A time series is a sequence of values organised chronologically, usually with equal cadence. Looking directly at the data from the series is informative, but one may see lots of noise in the form of rapid variations between one day and the next; this may result in covering up underlying trends. To limit the noise, one can smooth the data. The premise of data smoothing is that one is measuring a variable that is both slowly varying and also corrupted by random noise, so that smoothing (i) increases the signal-to-noise ratio and (ii) exposes the slow, long-term behaviour underneath the oscillations. We follow a simple, direct approach to smoothing by replacing each value with the average of a set of its neighbours. Indeed, since nearby points measure very nearly the same underlying value, averaging can reduce the level of noise without (much) biasing the value obtained. Here we use a so-called "box filter": a smoothing mask with positive, normalised entries that add up to 1. To this end, it proves useful to use cross-correlation.

Daily temperatures

We try this out, for instance, over multiple years for Roma Ciampino, an international airport just outside Rome, to check if the climate is stable. Quite so.
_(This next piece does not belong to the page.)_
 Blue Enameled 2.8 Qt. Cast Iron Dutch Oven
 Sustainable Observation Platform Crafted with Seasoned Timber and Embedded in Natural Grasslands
climate in Rome for different years
Climate in Rome for three different years

Next, we wish to compare cities in different climates. To this end, we look over four US cities, namely New Orleans (Louisiana), New York City (New York), San Diego (California) and Minneapolis (Minnesota), focusing on the year 2019.

climate in four different US cities
Climate in four US cities in 2019

Note that the different shapes of the curves reflect the fact that [insolation](https://www.geog.ucsb.edu/ideas/Insolation.html) is not constant over the surface of the Earth: as the Earth orbits around the Sun, the insolation is concentrated in the northern hemisphere (summer in the northern hemisphere) and then in the southern hemisphere (winter in the northern hemisphere). On a yearly average, the equatorial region receives the most insolation, so we expect it to be the warmest – as it is.